Top of RECORDS FOR THIS TASK

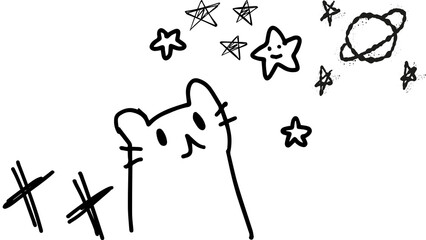 Hand-drawn cute cat looking at stars and a planet doodle, minimalist sketch illustration © Fitri Xcv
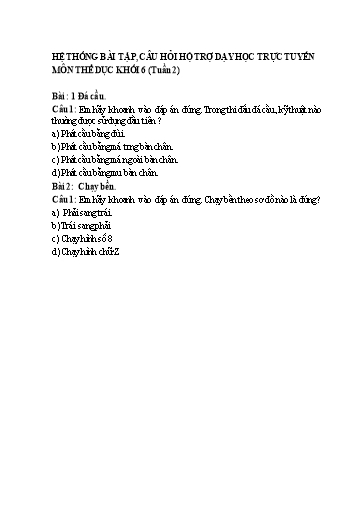 Hệ thống bài tập - Câu hỏi hỗ trợ dạy học trực tuyến môn Thể Dục THCS - Tuần 2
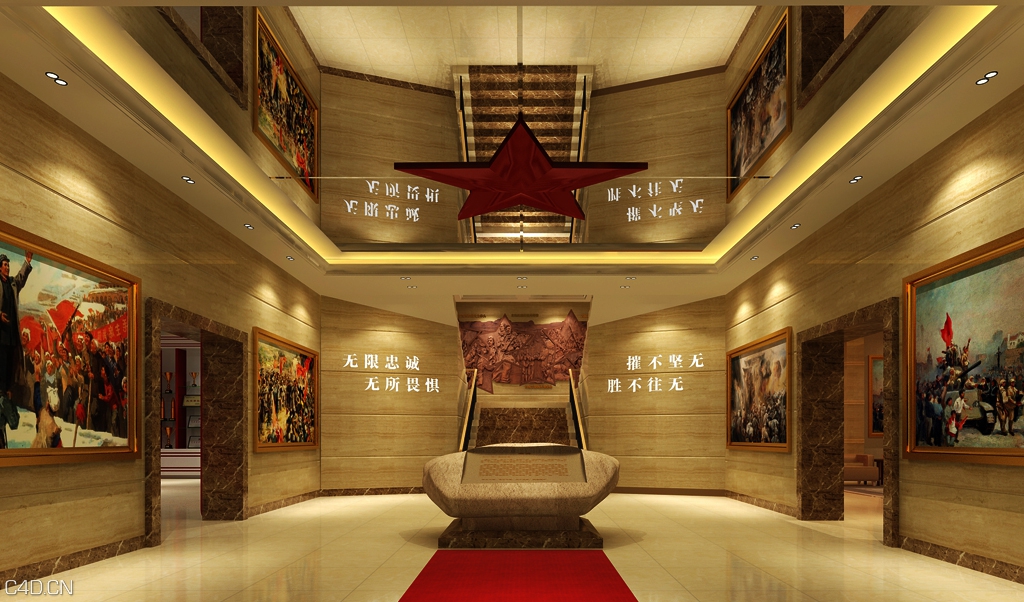 中国人民解放军某炮兵师史馆 - C4D之家 - 1(3).jpg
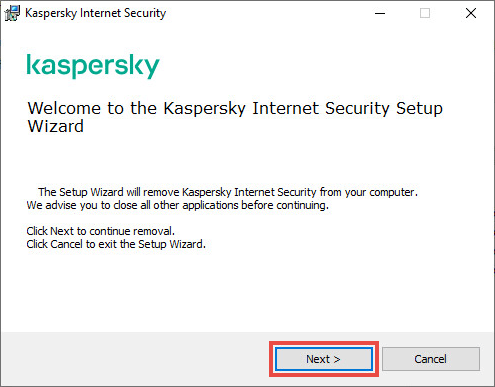 Beginning the removal of a Kaspersky application
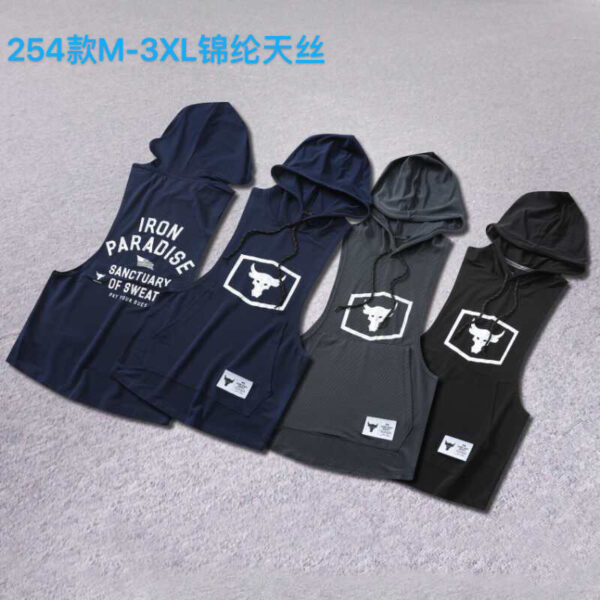 Four sleeveless hoodies in navy to black with white bull skull logo on the chest, laid on a gray surface; leftmost features the text 'IRON PARADISE'.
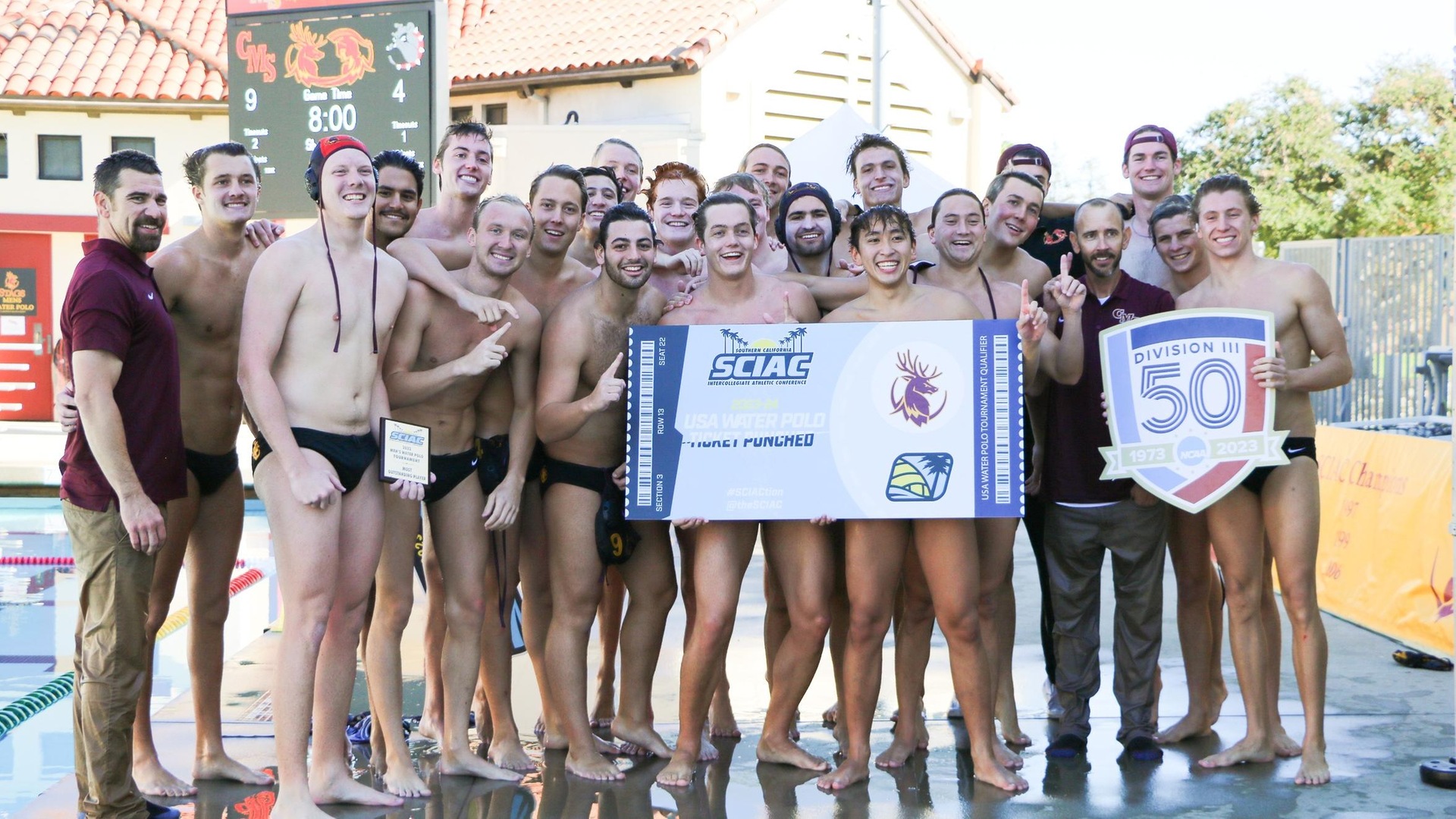 CMS celebrates its first SCIAC title since 2015 (photo by Stella Cheng)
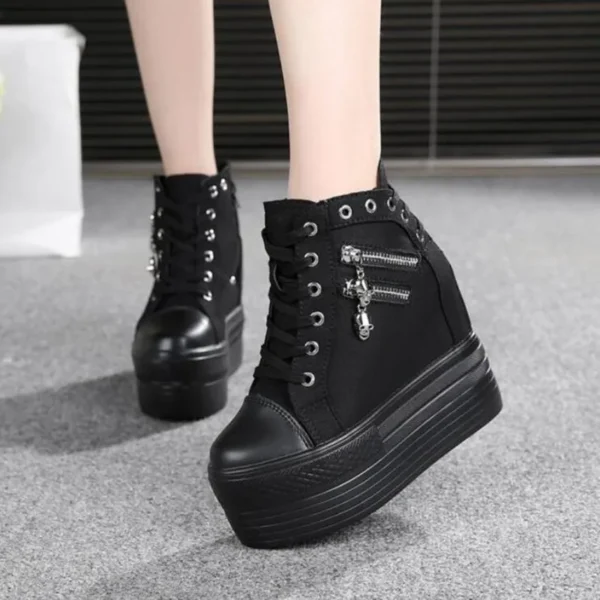 NEW Brand Hidden Heel Platform Sneakers Women's Breathable Wedge Canvas Shoes Woman Casual Ladies Boots Autumn Zapatos Mujer - Image 2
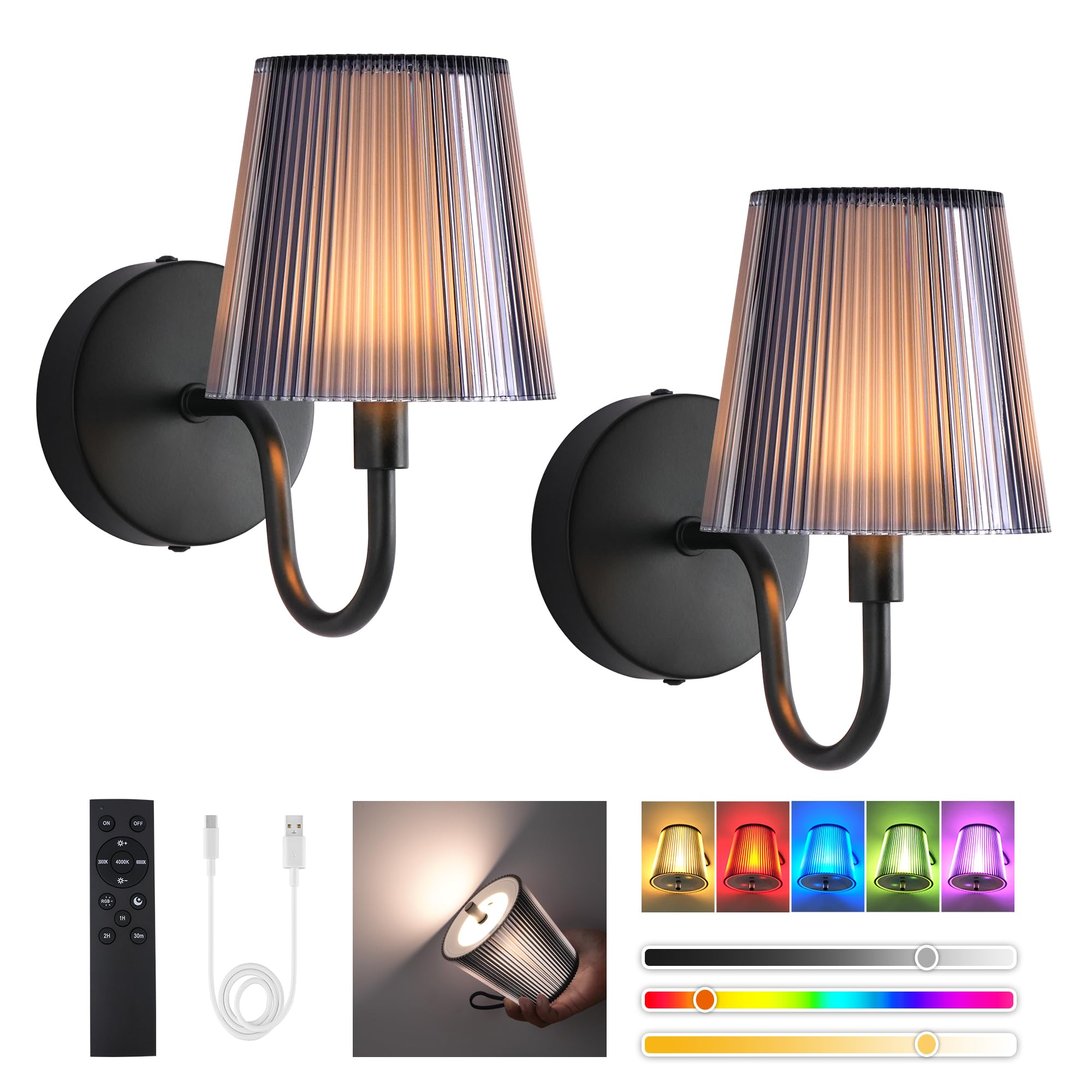 Wandleuchten Wiederaufladbare Wandlampen für Wohnzimmer RGB und 3 Farbtemperaturen Dimmbar Kabellose Bilderleuchten mit Touch-Steuerung und Fernbedienung für Treppen Flur 2 Stück…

Bottom of RECORDS FOR THIS TASK

TASK OBJECTIVE
All the lines above need to be repeated exactly, with no pictures carried over.

YOUR RESPONSE
 Hand-drawn cute cat looking at stars and a planet doodle, minimalist sketch illustration © Fitri Xcv
 Hệ thống bài tập - Câu hỏi hỗ trợ dạy học trực tuyến môn Thể Dục THCS - Tuần 2
 中国人民解放军某炮兵师史馆 - C4D之家 - 1(3).jpg
 Beginning the removal of a Kaspersky application
 Four sleeveless hoodies in navy to black with white bull skull logo on the chest, laid on a gray surface; leftmost features the text 'IRON PARADISE'.
 CMS celebrates its first SCIAC title since 2015 (photo by Stella Cheng)
 NEW Brand Hidden Heel Platform Sneakers Women's Breathable Wedge Canvas Shoes Woman Casual Ladies Boots Autumn Zapatos Mujer - Image 2
 Wandleuchten Wiederaufladbare Wandlampen für Wohnzimmer RGB und 3 Farbtemperaturen Dimmbar Kabellose Bilderleuchten mit Touch-Steuerung und Fernbedienung für Treppen Flur 2 Stück…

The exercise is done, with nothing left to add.